__Dataset records__
###
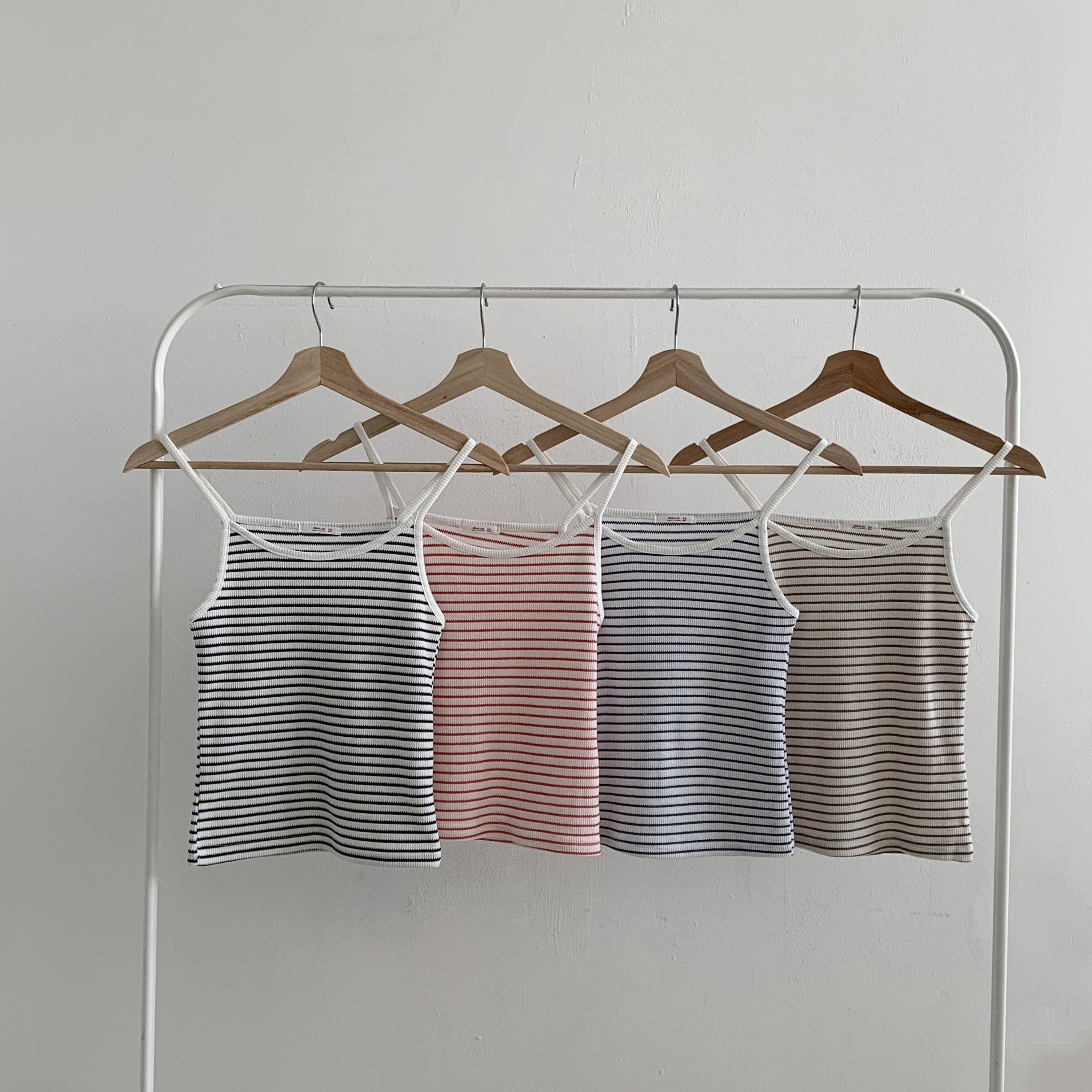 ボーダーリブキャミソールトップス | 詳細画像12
###
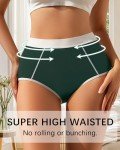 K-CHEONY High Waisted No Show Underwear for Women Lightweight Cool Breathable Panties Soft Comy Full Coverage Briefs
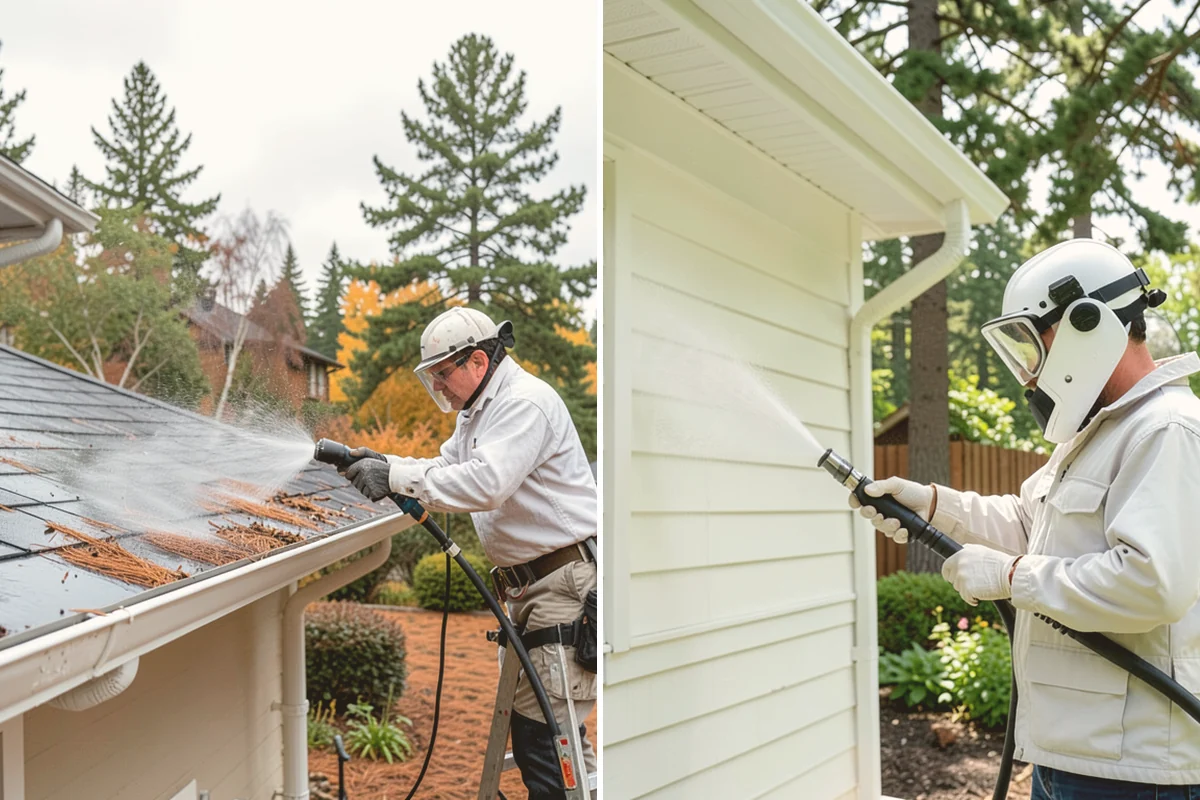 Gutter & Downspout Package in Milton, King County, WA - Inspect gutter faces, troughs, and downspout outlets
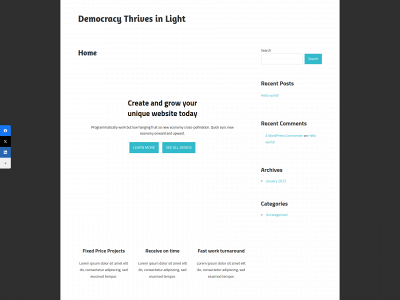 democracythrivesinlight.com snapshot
###
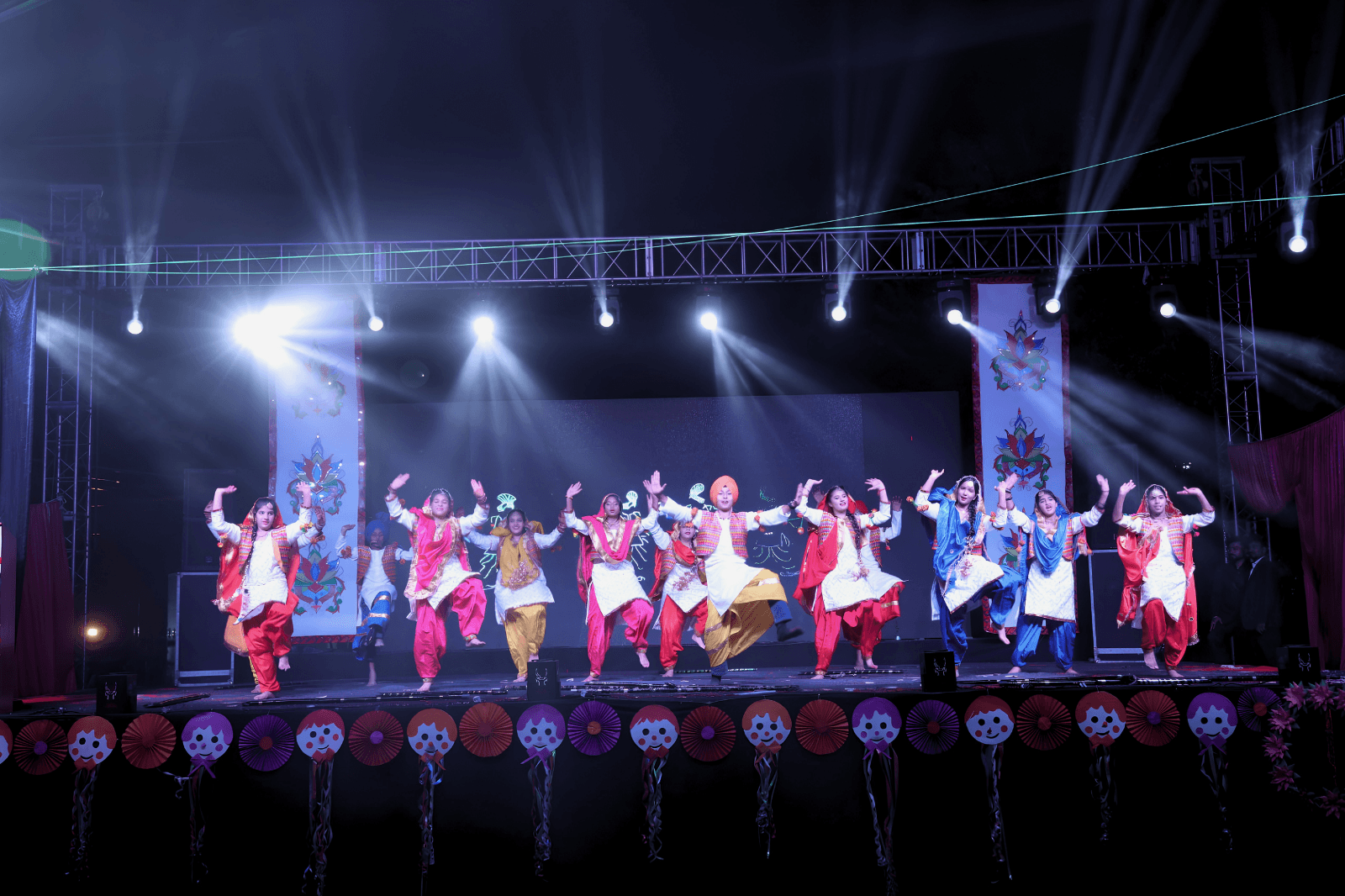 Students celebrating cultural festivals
###
__The problem__
Everything from the line with "Gutter & Downspout" through the line with "democracythrivesinlight.com snapshot" in the material above should be transcribed exactly, except the pictures.

__Answer to this task__
 Gutter & Downspout Package in Milton, King County, WA - Inspect gutter faces, troughs, and downspout outlets
 democracythrivesinlight.com snapshot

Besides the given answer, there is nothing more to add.